Duckdb as an alternative to postgres for analytics?

Does some developer looked at duckdb and parquet files as an alternative to the current postgres implementation ?

exemple

I’ve extracted as is the analytics tables to parquet

INSTALL postgres;
LOAD postgres;

ATTACH 'postgresql://user:password@dbhost:5432/dhis' AS dhis_source (TYPE postgres);


COPY (SELECT * FROM dhis_source.analytics_2016) TO 'analytics_2016.parquet' (FORMAT PARQUET);
COPY (SELECT * FROM dhis_source.analytics_2017) TO 'analytics_2017.parquet' (FORMAT PARQUET);
COPY (SELECT * FROM dhis_source.analytics_2018) TO 'analytics_2018.parquet' (FORMAT PARQUET);
COPY (SELECT * FROM dhis_source.analytics_2019) TO 'analytics_2019.parquet' (FORMAT PARQUET);
COPY (SELECT * FROM dhis_source.analytics_2020) TO 'analytics_2020.parquet' (FORMAT PARQUET);
COPY (SELECT * FROM dhis_source.analytics_2021) TO 'analytics_2021.parquet' (FORMAT PARQUET);
COPY (SELECT * FROM dhis_source.analytics_2022) TO 'analytics_2022.parquet' (FORMAT PARQUET);
COPY (SELECT * FROM dhis_source.analytics_2023) TO 'analytics_2023.parquet' (FORMAT PARQUET);
COPY (SELECT * FROM dhis_source.analytics_2024) TO 'analytics_2024.parquet' (FORMAT PARQUET);
COPY (SELECT * FROM dhis_source.analytics_2025) TO 'analytics_2025.parquet' (FORMAT PARQUET);


COPY (SELECT * FROM dhis_source._periodstructure) TO 'periodstructure.parquet' (FORMAT PARQUET);
COPY (SELECT * FROM dhis_source._orgunitstructure) TO 'orgunitstructure.parquet' (FORMAT PARQUET);
COPY (SELECT * FROM dhis_source._dataelementstructure) TO 'dataelementstructure.parquet' (FORMAT PARQUET);
COPY (SELECT * FROM dhis_source._categorystructure) TO 'categorystructure.parquet' (FORMAT PARQUET);

then create

CREATE VIEW analytics AS SELECT * FROM 'analytics_*.parquet';

then run count/sum/… queries on it
the performance are really impressive and much more constant then postgres (not paying price of transaction handling, fetching only what is needed)
there’s a jdbc driver for it.

Hi!

Thank you for testing and sharing with the community. I feel like this could be a conversation in the weekly server-admin group calls with @bobj, @tkipkurgat, and the other server admins? :slight_smile:

Thanks!

well it’s more about the core analytics and so development team.

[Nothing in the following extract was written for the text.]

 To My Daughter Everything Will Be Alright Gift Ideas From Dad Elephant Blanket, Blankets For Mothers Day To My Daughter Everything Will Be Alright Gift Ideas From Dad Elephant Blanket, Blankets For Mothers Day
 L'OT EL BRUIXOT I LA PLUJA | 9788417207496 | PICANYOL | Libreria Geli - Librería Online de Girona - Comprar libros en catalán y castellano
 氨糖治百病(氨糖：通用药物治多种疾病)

Apparently there are some development around clickhouse or doris.
Is this an upcoming replacement or just for the built in analytics usage ?

Hi @Stephan_Mestach

So is ClickHouse the same suggestion or is Duckdb better? I see that the feature was created in November 2024: Jira

In the related ticket you can read, “To allow for other database platforms than PostgreSQL, a new abstraction layer for managing tables, columns and indexes should be introduced in the analytics backend. This abstraction layer should include a data model for database entities like tables, columns and indexes, and a SQL builder for creating compatible SQL statements for each supported database platform.” by @Lars . :slight_smile:

Clickhouse and duckdb are a bit similar to make queries “count/sum/avg/group by/…” much faster.

So from the jira it’s really a new “implementation” for the analytics generation/queries.

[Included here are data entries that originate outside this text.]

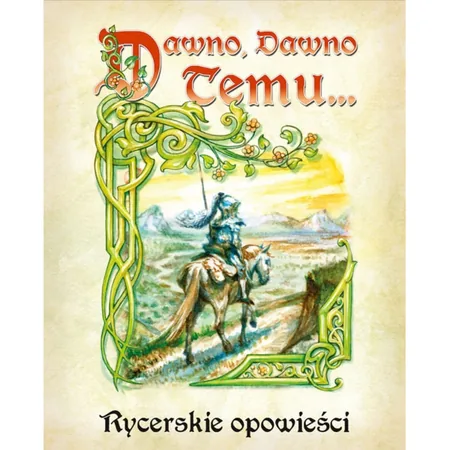 Dawno, dawno temu... - Rycerskie Opowieści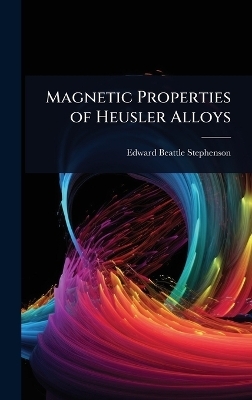 Magnetic Properties of Heusler Alloys - Edward Beattle Stephenson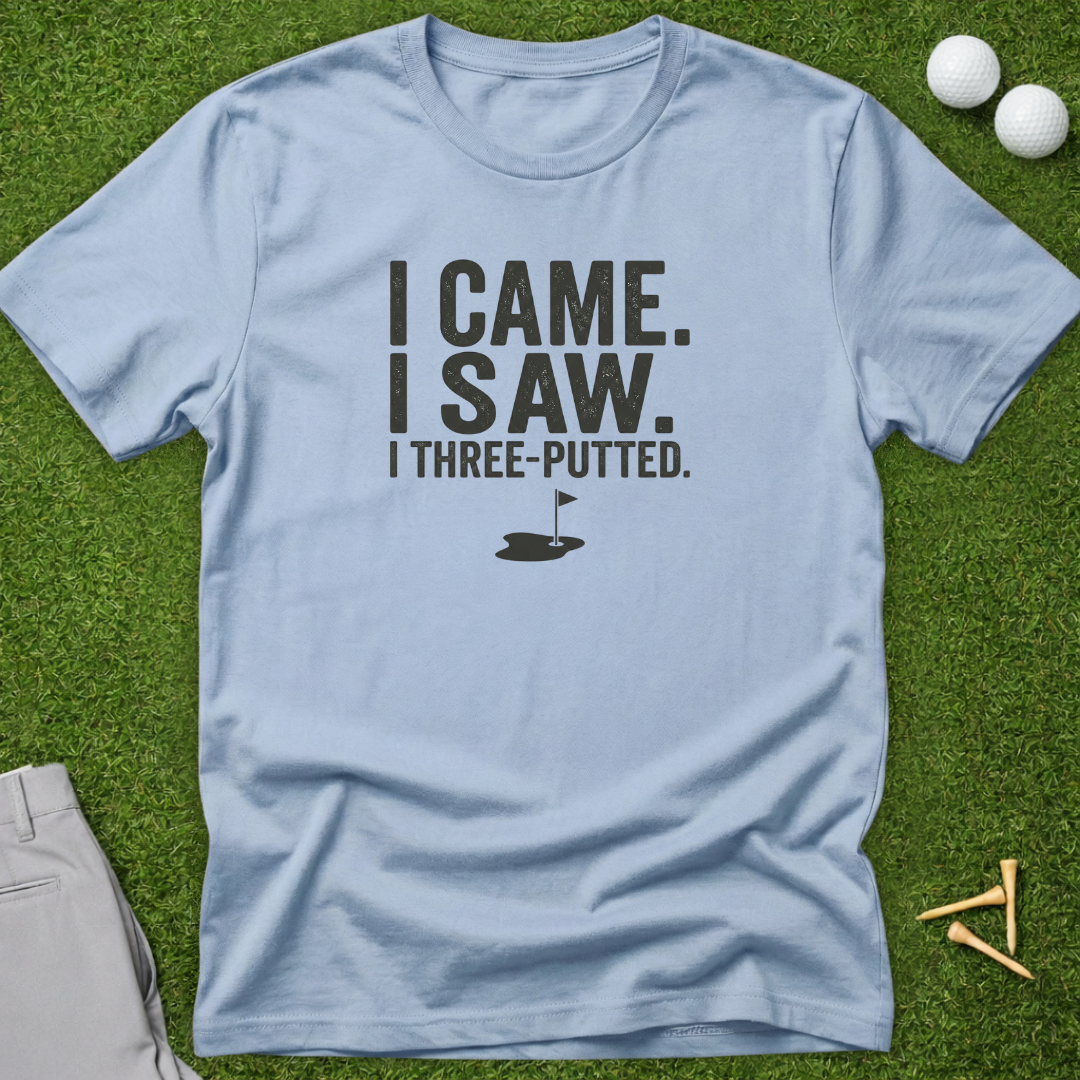 I Came. I Saw. I Three Putted T-Shirt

Do you know if it’s already partially released/used in production ?
My guess it’s not yet since support is not full for events/trackers.

For version 42, support includes data elements, aggregate indicators and reporting rates.
Support for event data elements and program indicators is targeted for version 43.
Jira

I’m trying to get clickhouse working but the documentation is a bit sparse with dhis 2.42.4
I found doris docker compose but no clickhouse equivalent in the dhis2 repository.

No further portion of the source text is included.